The next drive ended in eerily similar fashion when Kalen Ballage (who earlier ducked when a Fitzpatrick pass came his way) bobbled the ball and it landed in Jamie Collins’ hands for another pick-six:

Everything is going to the tanking plan.

7. Jalen Ramsey begged Doug Marrone to challenge and got ignored

The Jacksonville defense showed up in Week 2 after it was shredded in the season opener. Cornerback Jalen Ramsey was pretty fired up when he thought he helped force a DeAndre Hopkins drop early in the game on third down. Instead, it was ruled a catch.
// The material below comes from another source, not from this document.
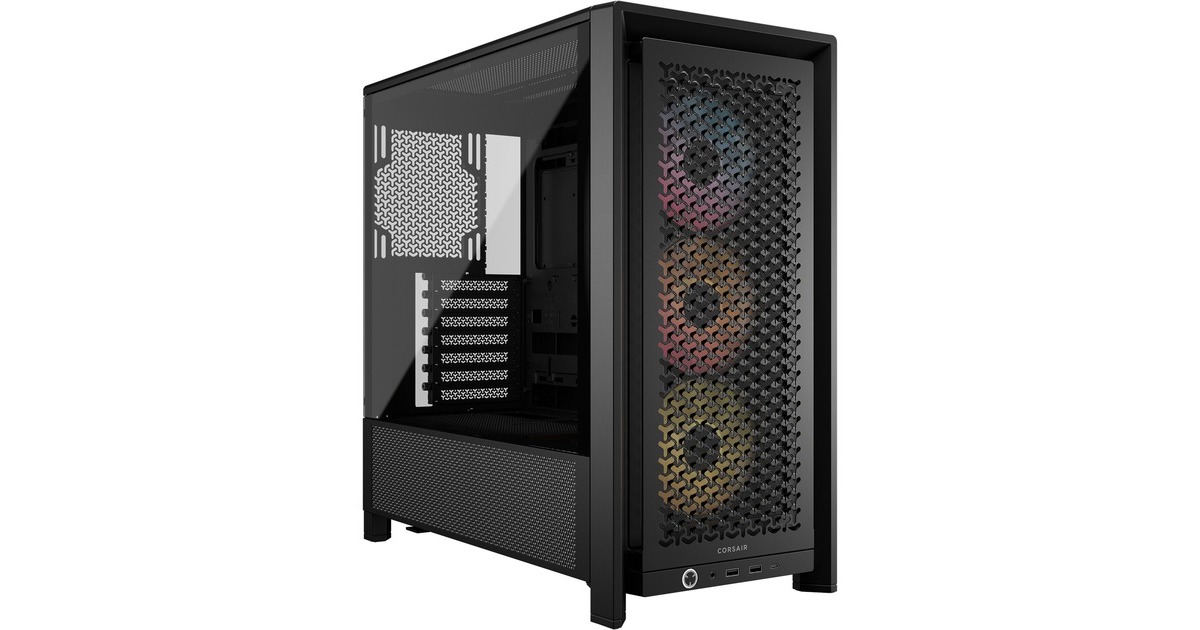 CorsairICUE Bundle midi tower behuizing  (Zwart | 2x USB-A | 1x USB-C | RGB | Tempered Glass)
He told Doug Marrone to challenge the play, but the Jaguars head coach decided not to listen. We only got one replay of the reception, but it looked like Ramsey may have had a point.


Maybe that call stands, but there’s a good chance it gets overturned — especially if there’s another angle that wasn’t shown. Either way, Ramsey was pissed he was ignored by Marrone and let him know after the Texans’ drive was extended and finished with a field goal.

The Jaguars went into halftime with all three timeouts and finished the game with a challenge to burn. It looks like an even worse decision in hindsight when the Texans won by only one point.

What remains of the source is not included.